_What is required_: Once you have located the line containing "MICHAEL KORS ROSE" in the material below, return it exactly along with each line after it through the line containing "엠카 1위 <b>미야오</b>".

Task data START

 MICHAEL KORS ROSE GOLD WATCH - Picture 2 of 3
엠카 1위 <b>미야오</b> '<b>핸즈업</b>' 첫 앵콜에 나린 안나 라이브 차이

Task data END
Task data START

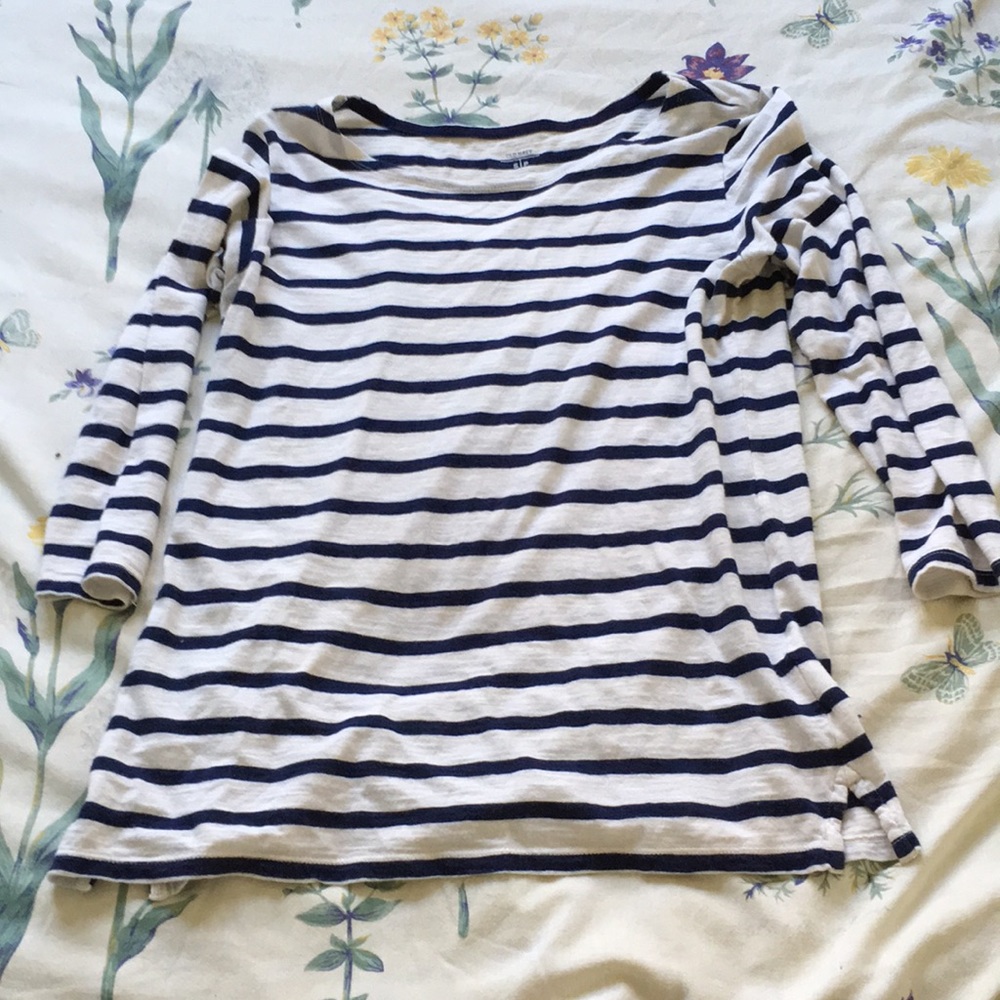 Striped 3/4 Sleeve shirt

Task data END
Task data START

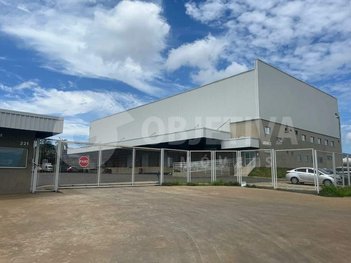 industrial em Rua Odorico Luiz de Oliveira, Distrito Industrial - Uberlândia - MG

Task data END

_Task solution_:
 MICHAEL KORS ROSE GOLD WATCH - Picture 2 of 3
엠카 1위 <b>미야오</b> '<b>핸즈업</b>' 첫 앵콜에 나린 안나 라이브 차이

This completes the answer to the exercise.